In the code block there is my kernel function. It essentialy calculates which point is the farthest from all clusters and results are saved in lengths[3] (id of the point) and output[0] the distance from the belonging cluster. The while piece does a simple sum reduction. I know it is not the best method to do but I need to understand why having one cluster the code works properly insteas with two or more clusters return wrong values.

__kernel void computeDistances(__global t_cluster *points,__global t_cluster *clusters,     __global float *output,__global t_cluster *support,__global short *lengths)
{
    int threadId = get_global_id(0);
    float bestVal = 0;
    int counter, offset;

    short idPoint, idCluster;
    for(idPoint = 0; idPoint < lengths[0]; idPoint++)
    {

        for(idCluster = 0; idCluster < lengths[2]; idCluster++)
        {     
            support[0].attributes[threadId] = pow( (points[idPoint].attributes[threadId] - clusters[idCluster].attributes[threadId]) , 2 );

            counter = SIZE;
            offset = 1;

            while(counter != 1)
            {
                counter = counter / 2 + (counter % 2);

                barrier(CLK_GLOBAL_MEM_FENCE);

                if(threadId % (2*offset) == 0)
                    if(threadId + offset < lengths[1])
                        support[0].attributes[threadId] = support[0].attributes[threadId] + support[0].attributes[threadId+offset];

                offset = offset * 2 ;
             }

             barrier(CLK_GLOBAL_MEM_FENCE);

            if(support[0].attributes[threadId] > bestVal)
                bestVal = support[0].attributes[threadId];

    }

    barrier(CLK_GLOBAL_MEM_FENCE);

    if(threadId == 0 && bestVal > output[threadId])
    {
        output[0] = bestVal;
        lengths[3] = idPoint;
    }
}

}

Marco13 · 5. April 2014 um 08:40

Hi

It’s hard to tell something by just looking over the code, and without knowing the structures and the input data. It seems like you have tried to perform a “parallel reduction” on arrays that are fields of structs that are themself elements of an array. (This looks suspicious for me, and IF this works at all, I’m pretty sure that the globaly memory fences in there will hinder any performance gains, but I’m not an expert and have not analyzed the kernel in detail, so I may be wrong here :stumm: ). I also wonder how you fill these input arrays in the first place.

However, a first debugging step could be to replace this reduction with a simple for-loop, this should be easier to get right. Maybe I can test this on Monday/Tuesday, but I can’t promise.

bye
Marco

(EDIT: Just as a cross-reference: http://stackoverflow.com/questions/22880649/opencl-loops-in-kernel )

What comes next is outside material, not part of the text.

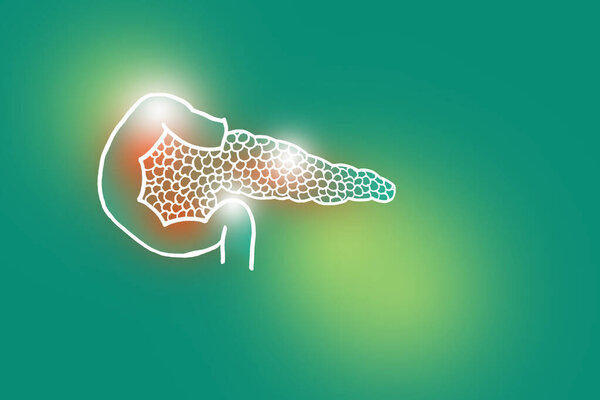 Handrawn illustration of human Pancreas on light green background.Medical, science set with main human organs with empty copy space for text or infographic.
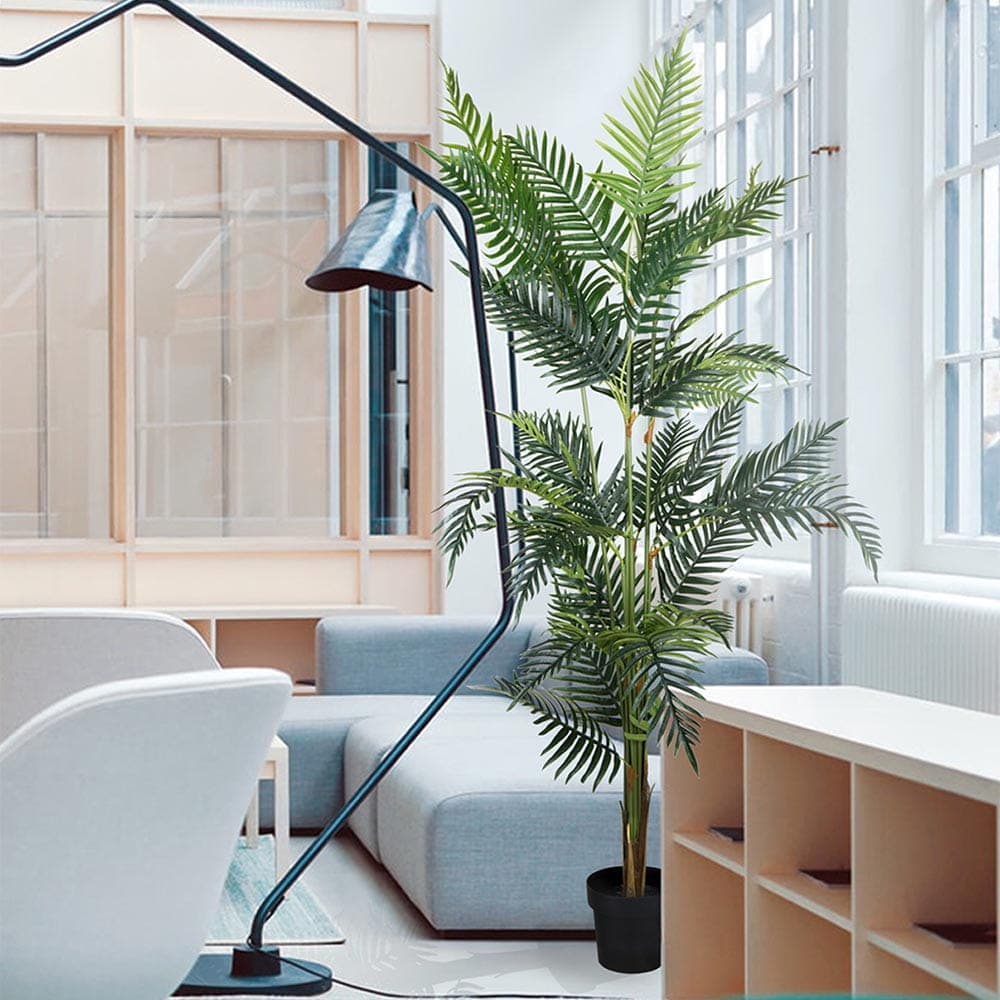 Plante décorative Palmier Lutescens 180 cm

system · 22. Mai 2014 um 07:17

Sorry, I forgot I posted something here!!

Now, I would like to post my experience! The problem here (and during also other kernels) were to find in scalar processor. My gpu has 8 SP. so when I ran over that I could ran just 8 workgroups.
This means that 8 workgroups ran all the kernel and finished modifying one address of global memory. My idea, in this kernel, was that, using last barrier, each workgroup compared a value and write the right result but this is an error because, during comparing phase, other thread havent been ran yet, not having the right value.

I hope to be cleared.

Marco13 · 22. Mai 2014 um 08:38

Although I have to admit that I’m still not sure whether I understood your actual problem, maybe someone who as the same problem will stumple upon this (and the stackoverflow question) and find some valuable information.

manuel · 22. Mai 2014 um 08:42

Maybe I should be more clear anyway I resolved in this way.